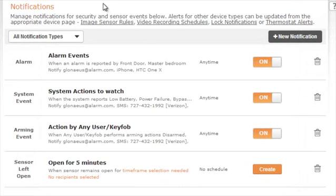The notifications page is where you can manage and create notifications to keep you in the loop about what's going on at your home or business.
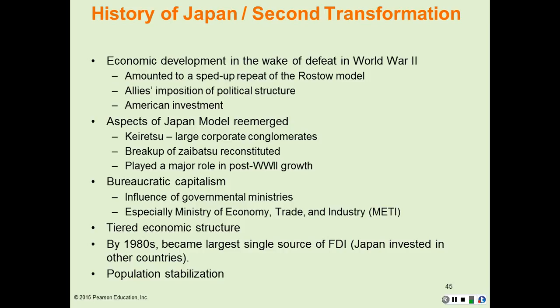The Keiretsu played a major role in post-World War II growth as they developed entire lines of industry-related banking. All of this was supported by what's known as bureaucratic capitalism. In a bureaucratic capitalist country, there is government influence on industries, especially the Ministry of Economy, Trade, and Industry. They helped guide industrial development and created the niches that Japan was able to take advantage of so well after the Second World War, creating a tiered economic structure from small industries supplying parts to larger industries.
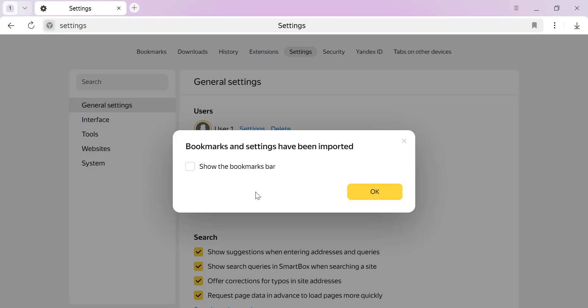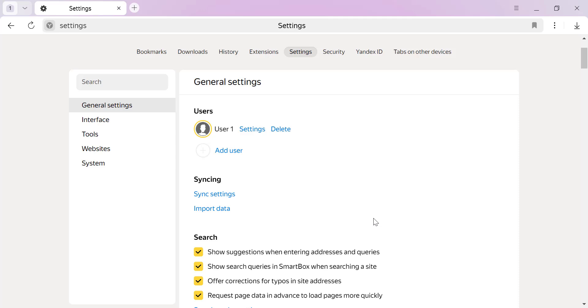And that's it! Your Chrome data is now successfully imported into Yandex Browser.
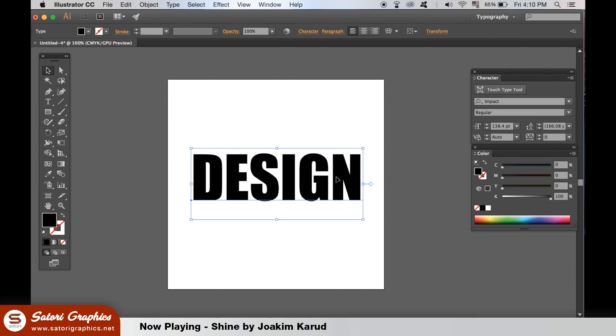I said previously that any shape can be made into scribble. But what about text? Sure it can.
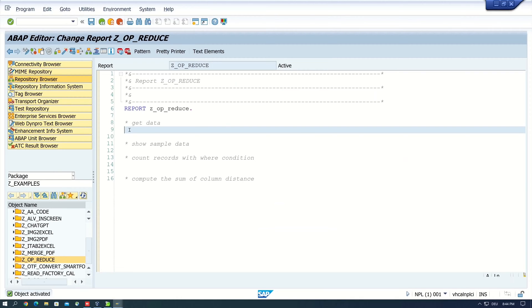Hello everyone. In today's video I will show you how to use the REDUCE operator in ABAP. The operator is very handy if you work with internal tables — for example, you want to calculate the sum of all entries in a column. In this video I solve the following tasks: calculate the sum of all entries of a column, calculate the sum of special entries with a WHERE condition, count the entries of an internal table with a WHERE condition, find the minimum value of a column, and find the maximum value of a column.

---

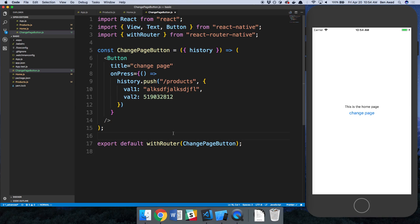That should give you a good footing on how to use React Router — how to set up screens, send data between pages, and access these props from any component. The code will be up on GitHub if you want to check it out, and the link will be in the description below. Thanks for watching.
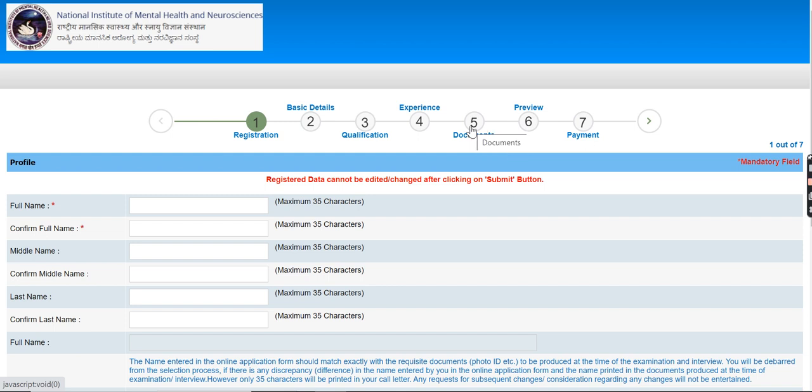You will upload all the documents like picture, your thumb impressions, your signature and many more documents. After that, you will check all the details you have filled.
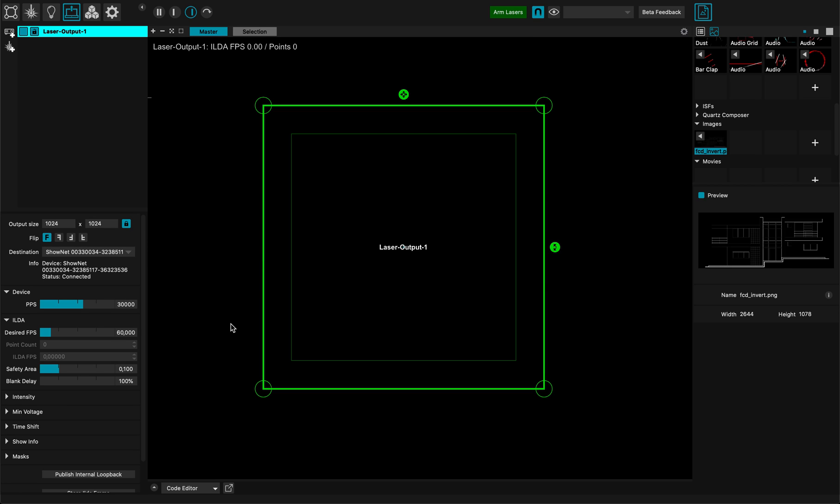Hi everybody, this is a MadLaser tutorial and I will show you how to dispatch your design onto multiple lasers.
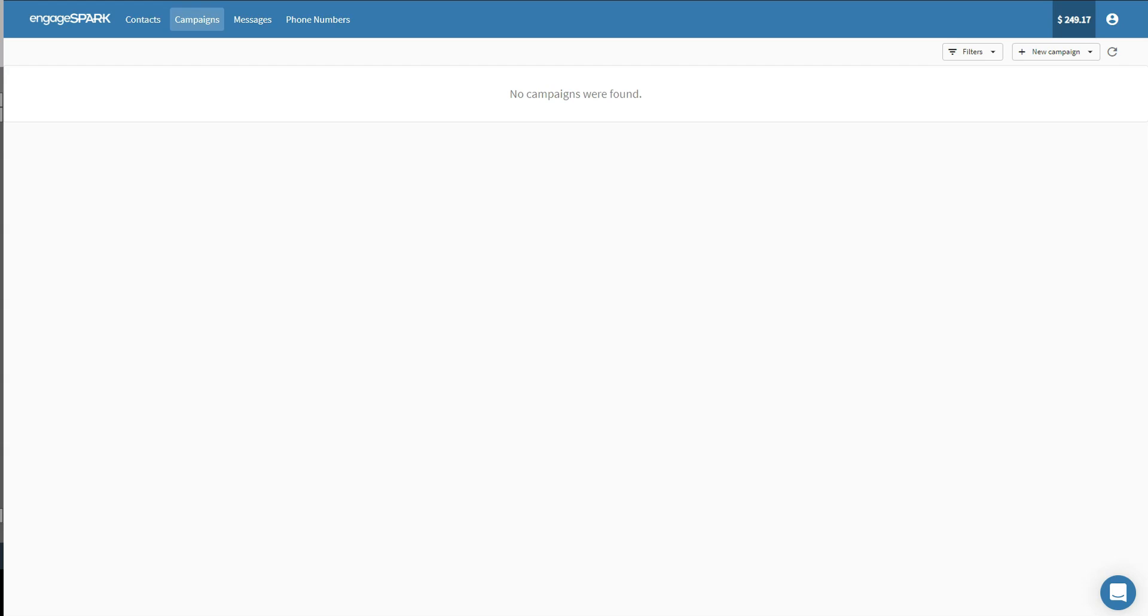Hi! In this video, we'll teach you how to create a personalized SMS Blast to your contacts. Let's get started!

**YOUR INSTRUCTIONS:**
Looking at the listing above, which lines run from the one containing "And that's it!" through the one containing "Hello everyone. In"? Print exactly those, ends included, pictures excluded.

**EXERCISE RESPONSE:**
And that's it! Your Chrome data is now successfully imported into Yandex Browser.
I said previously that any shape can be made into scribble. But what about text? Sure it can.
Hello everyone. In today's video I will show you how to use the REDUCE operator in ABAP. The operator is very handy if you work with internal tables — for example, you want to calculate the sum of all entries in a column. In this video I solve the following tasks: calculate the sum of all entries of a column, calculate the sum of special entries with a WHERE condition, count the entries of an internal table with a WHERE condition, find the minimum value of a column, and find the maximum value of a column.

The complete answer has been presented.